Food on the Street

Street food in North America has been given a gourmet facelift over the past few years. No longer a venue for hot dogs alone, vendors selling from sidewalk carts and mobile trucks have gained fame and fortune with non-traditional street food menus. Documented in scrapbook-style, Mission Street Food: Recipes and Ideas from an Improbable Restaurant, outlines how two unlikely entrepreneurs kick-started this revolution three years ago by mingling fancy food with a rented taco cart in San Francisco. They were an internet buzz, they were a hit with food journalists, they sold out of food every night, and they transformed the restaurant scene.           With a business plan that goes against all convention, the husband and wife team of Anthony Myint and Karen Leibowitz created Mission Street Food in San Francisco. Their unorthodox business plan outlines such clauses as: “The goal of Mission Street Food is to offer unpredictable eating experiences that make no profit, lose no money, and require a substantial amount of work” and “The Restaurant will not engage in any kind of mainstream promotion, such as permanent signage or a phonebook listing.” The business plan reads more like a whimsical document, but they were very serious and wildly successful in an unprecedented endeavour that impacted the food scene; hundreds of customers congregated outside the cart on opening night and the line-ups spread from there. Their unique idea gathered attention through social media when bloggers and tweeters started the buzz the morning of their opening night of business, giving rise to Mission Street Food’s success story and to street food’s popularity across the U.S.A. and Canada. And the rise has been significant in both volume of vendors and quality of food, inspiring recent shows on the Food Network such as Eat St. and The Great Food Truck Race.

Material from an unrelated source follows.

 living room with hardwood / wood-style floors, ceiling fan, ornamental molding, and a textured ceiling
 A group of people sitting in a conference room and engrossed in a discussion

The idea of Mission Street Food was born out of ingenuity by Myint, an American of Burmese descent inspired by the flavours of Asian fusion, wanting to run a restaurant of his own without taking too many risks. His solution was to rent a Guatemalan taco cart on Mission Street once a week to sell fancy sandwiches. The sandwich fillings resembled a high-end restaurant menu, the likes of crab fritters, edamame puree, pickled hon shimeji mushroom, and nori crumble on home-made flatbread. After a very short, but very successful, five nights in the food cart, their resourcefulness continued by moving operations to a run-down Chinese restaurant, called Lung Shan, on the same street. They kept their name as Mission Street Food but it took on a different inflection – going from Mission Street-Food to Mission-Street Food. Similar to the cart, they rented the building for one night a week and the name of Lung Shan remained on the outside of the building for the real owners to continue their takeout business. For that one night, Myint and Leibowitz were essentially running a restaurant inside of a restaurant with a different name, coining another unique term in the industry known as “pop-up restaurant.” Their gimmick to meet their goal of offering unpredictable eating experiences was to continue serving inventive menus that would be different each week. Customers would never know what was going to be served from one week to the next, fanning their flames of mysterious popularity further. Their online presence through a food blog kept their fans linked to their themed meals, and became their form of non-traditional advertising.

Myint wasn’t sure if this would become a weekly hobby or a career, since he was already a full-time line cook at another restaurant and Leibowitz was an English professor at Berkeley. Leibowitz gives full credit to her husband for his creative business sense by writing, “Anthony does things differently from other people; he sees possibilities where no one else does, but he’s also willing to take on projects that everyone else is too practical to even try.” Not only with the novel idea of subletting a restaurant and his creative combinations of ingredients to create never-before-seen dishes, but he then started propositioning guest chefs from other restaurants in San Francisco to cook at Mission Street Food, hoping to launch what he called “an indie-chef movement.”

Myint was also completely serious about practicing excessive philanthropy through their business – another clause in the business plans states: “If the Restaurant earns any profits, The Management will distribute it to unrelated nonprofit organizations.” They iterate time and again throughout the book that all profits from Mission Street Food go to hunger-related charities; the proceeds from the sales of the book itself are donated to Slow Food USA.

Street food’s popularity stems from many things, including the novelty of getting gourmet food from a street cart historically reserved for hot dogs, as well as the modern use of social media to draw crowds to their transient locations. Another factor leading to its success is the easier connectivity to the owners. Compared to the dissociation between diners and chefs in traditional restaurants – we just don’t see the kitchens and the work that goes into preparing our meal – the food trucks give a closer interaction. As one customer explained about Mission Street Food: “It’s fun to talk to the guy whose cart it is. It’s fun to talk to the other customers. We’re in line for the same thing, I guess. It’s like we exchanged our money for something more than just food.”

Aside from detailing the history behind the business of Mission Street Food, the book called Mission Street Food is a melange of recipes, cooking techniques, photos, and food essays written in tandem by Myint and Leibowitz. While reading it, you learn that Mission Street Food is difficult to explain because it has become such an assortment of business ventures that build off one another – a taco truck, a food blog, a burger stand, a charity, a pop-up restaurant, but most of all, a wacky vision fuelled by creativity that changed the face of street food.